The art nouveau style was a conscious attempt at modernism and a determined departure by many artists and designers, from the traditional victorian forms of design.
Designers rejected the inspiration of classical European art and instead looked to Japanese, Celtic and other folk art as a basis for their work. This can be seen in works by artists such as Gustav Klimt.
Typical motifs come from nature: flowers, insects and birds. Lines curve and wind, straight lines were scorned by art nouveau designers.
Symbolism is important in the designs. For example a leaf may be just a leaf or perhaps it is part of the female body. Designers used forms from the natural world in ways that suggested they might represent human limbs. They used traditional materials like wood, glass, and pewter.
The style, which literaly means "new art," gets its name
from a design shop, La Maison de l'Art Nouveau, which German entrepreneur
Siegfried Bing opened in Paris in 1895.
The shop was one of the major outlets for the glass of Emile Galle, the art glass of Louis Tiffany, the jewellery of Rene Lalique, and the furniture of Eugene Gaillard and George DeFeure. All signature artists in the art nouveau tradition. These artists were largely reacting against the Victorian aesthetic, a style described by Arlie as often fussy and inhibited.

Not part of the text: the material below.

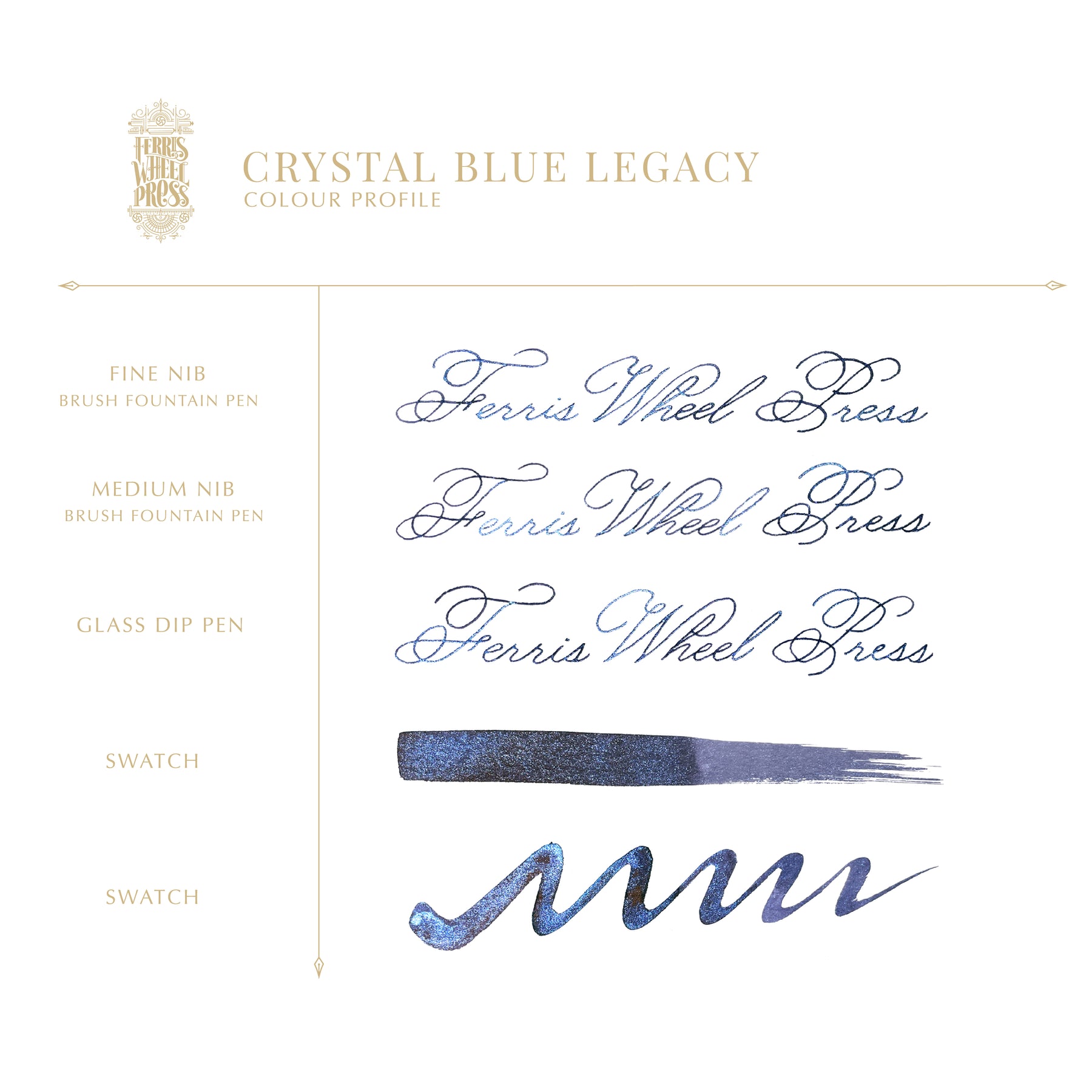 Ferris Wheel Press - Frosted Carnival Collection - Crystal Blue Legacy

A favourite art nouveau theme was a nymph with flowers in her abundant streaming hair. She appeared on the posters of Alfons Mucha and among the opals and moonstones of René Lalique's jewelry.
Other favourites were peacocks, dragonflies, and moths. In brilliant
enamels and gold filigree, they were worked into combs, brooches,
and other adornments. Morning glories glimmered through the stained
glass of Louis Comfort Tiffany. Irises were inlaid in the marquetry
cabinets of Louis
Majorelle (1859-1926). Cresting waves broke and
seaweed clustered around Art Nouveau vases. A dish might be an unadorned
lotus leaf.
Other botanical forms were arranged in abstract patterns and were symmetrically arrayed around mirror or picture frames or repeated on fabrics and wallpapers or in mural decorations.

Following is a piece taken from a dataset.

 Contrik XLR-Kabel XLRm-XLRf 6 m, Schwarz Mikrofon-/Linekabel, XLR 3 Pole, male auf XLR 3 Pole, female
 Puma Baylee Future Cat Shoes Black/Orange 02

Art Nouveau was out of fashion before World War I had begun.
From the 1920s to the 1950s it was considered by critics as a moribund, and even ugly, style.

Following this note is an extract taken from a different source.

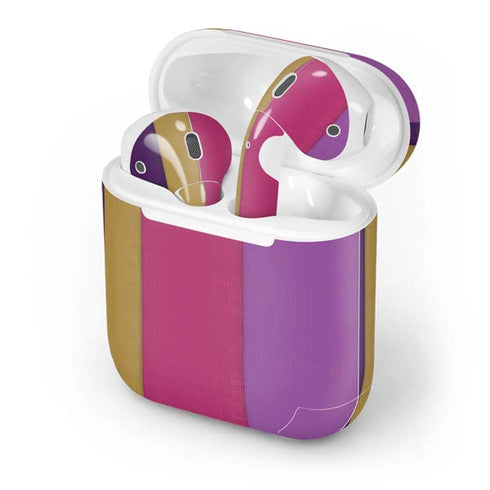 Radiant Orchid Color Block Apple AirPods Skin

However, Around 1960, a revival began. In reaction to the unimaginative glass-and-steel rectangular architecture of the 1950s and the british 'Utility Scheme'.
Critics began to turn back to the style of the 1900's. Numerous exhibitions were held, scholarly publications on art nouveau began to appear, and prices for art nouveau objects soared.
Art Nouveau was incorporated into the rebellious psychedelic style of the 1960s and finally achieved its place as a significant style in the history of modern art.
It had been seen as a collection of different styles with little
in common except, perhaps, a taste for excess and flamboyant decoration.
Not only is there no consensus on exactly what art nouveau is, there is even some argument over the period it covered although generally it is thought to cover the 1890s through to around 1910.
Art nouveau was not universally acclaimed, particularly in England. Many critics of the period saw it as decadent and self indulgent.
For example, the sculptor, Sir Alfred Gilbert who created Eros in Piccadilly Circus, once said ;
“L’Art Nouveau, forsooth. Absolute nonsense. It belongs to the young lady’s seminary and the duffer’s paradise."
In
London, the famous Liberty department store had been instrumental
in encouraging and promoting arts and crafts.
Bbut Arthur
Lasenby Liberty, its proprietor, knew many of the art nouveau
designers and, in the 1890s, he promoted art nouveau in both the
London and Paris stores. 
In Italy, art nouveau was known as 'Stile Liberty' because it was linked so closely with Liberty & Co.
Liberty sold work by designers like Lindsay P. Butterfield, who produced textiles and wallpaper.
And Archibald Knox who designed a wide range of pewter, jewellery, carpets and clocks.